Is it a coincidence that just two weeks after facing angry Long Beach residents and business owners about the controversial “road diet” project on the city’s Broadway corridor, City Manager Pat West has decided to step down? The project, a signature objective of the avid bicyclist’s tenure, has been a disaster.
On July 22, he and Second District Councilwoman Jeannine Pearce announced some “tweaks” to the design to try and mitigate the myriad safety issues created by the street makeover, but with business owners protesting, and accidents on Broadway spiking, it’s clear that “tweaks” won’t fix the inherent design flaws.
In defending the project, West repeated the false assertion that Broadway is a mostly residential area. He said, “The Broadway corridor is a residential corridor with some neighborhood-serving businesses. If you look at the type of uses, over 90% of the properties are residential.”
That statement, however, is untrue, and simply perpetuates the narrative necessary to get a bike lane project off the ground in Long Beach. Why? Because Broadway, despite being a main commuting and business artery for decades, had to be officially redesignated a “neighborhood street” in order to remove a car traffic lane. Therefore, businesses had to be marginalized in the city’s official characterization of the corridor, and the “90% residential” spin was born.
Second Street in Belmont Shore, by comparison, is designated a “regional destination”, which is one reason it keeps two car lanes in each direction.
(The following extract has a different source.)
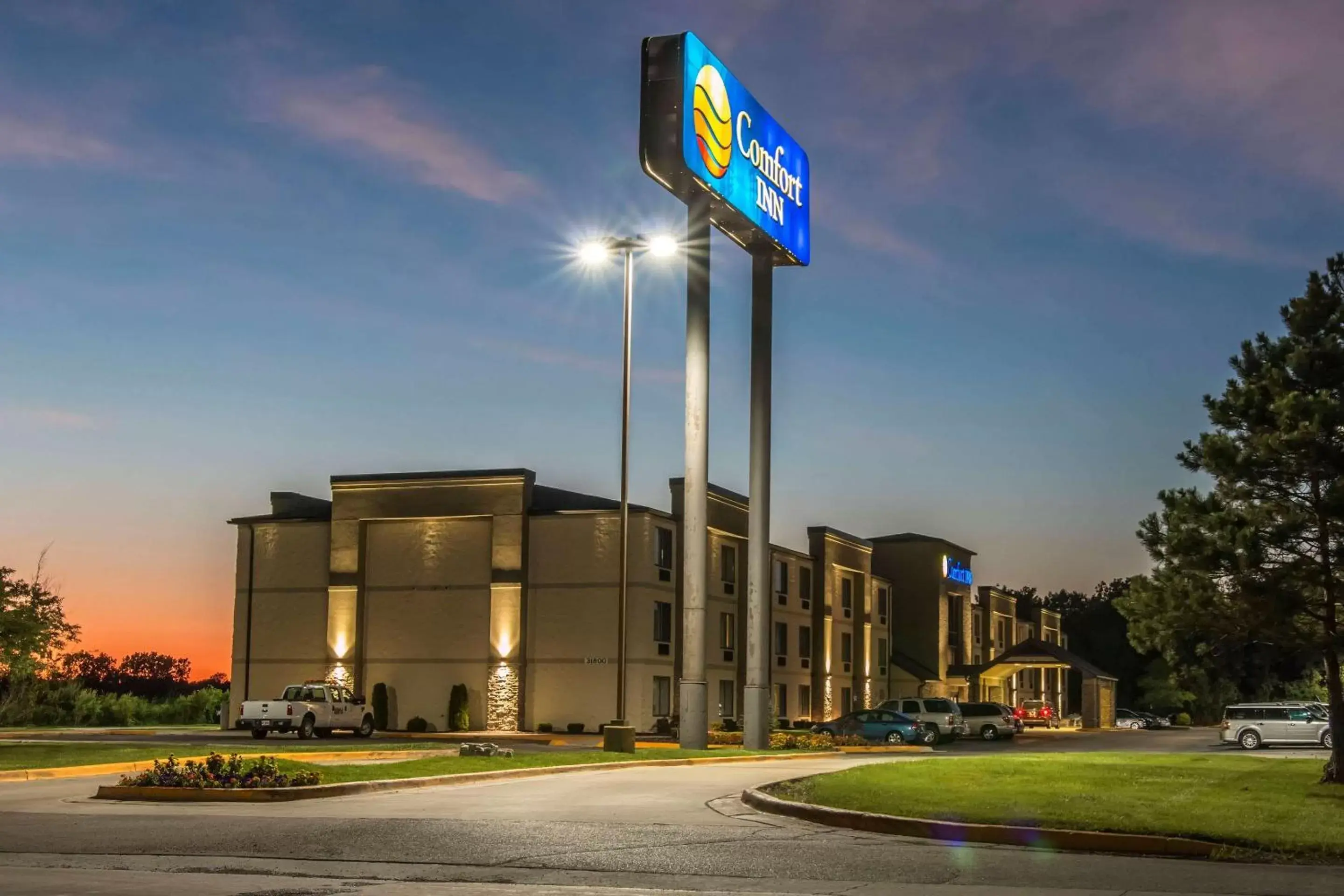 Property Building in Comfort Inn Metro Airport Romulus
There are a total of 133 storefronts on the mile-and-a-half stretch of Broadway between Alamitos and Redondo. In the same exact area, there are 157 single-family homes or apartment buildings.
It’s not a perfect comparison, because some businesses share the same physical building, so the term “property” can be defined in different ways, but clearly Mr. West’s claim that “90% of the properties are residential” is light years from our real neighborhood mix.
It’s no wonder Broadway establishments are upset about lost customers, parking and loading zones, having been thrown under the bus as simply “some businesses” just so bike lanes could be introduced.
And a chart produced by city planners in late 2017 shows that reducing traffic to businesses was the idea all along. There was to be an up to 33% decrease in car traffic, and the plan was to simply divert the cars to Third Street, just north of Broadway.
This was the brilliant idea — move cars from a major four-lane street by reducing it to two lanes, and then send that traffic to another, more residential two-lane street.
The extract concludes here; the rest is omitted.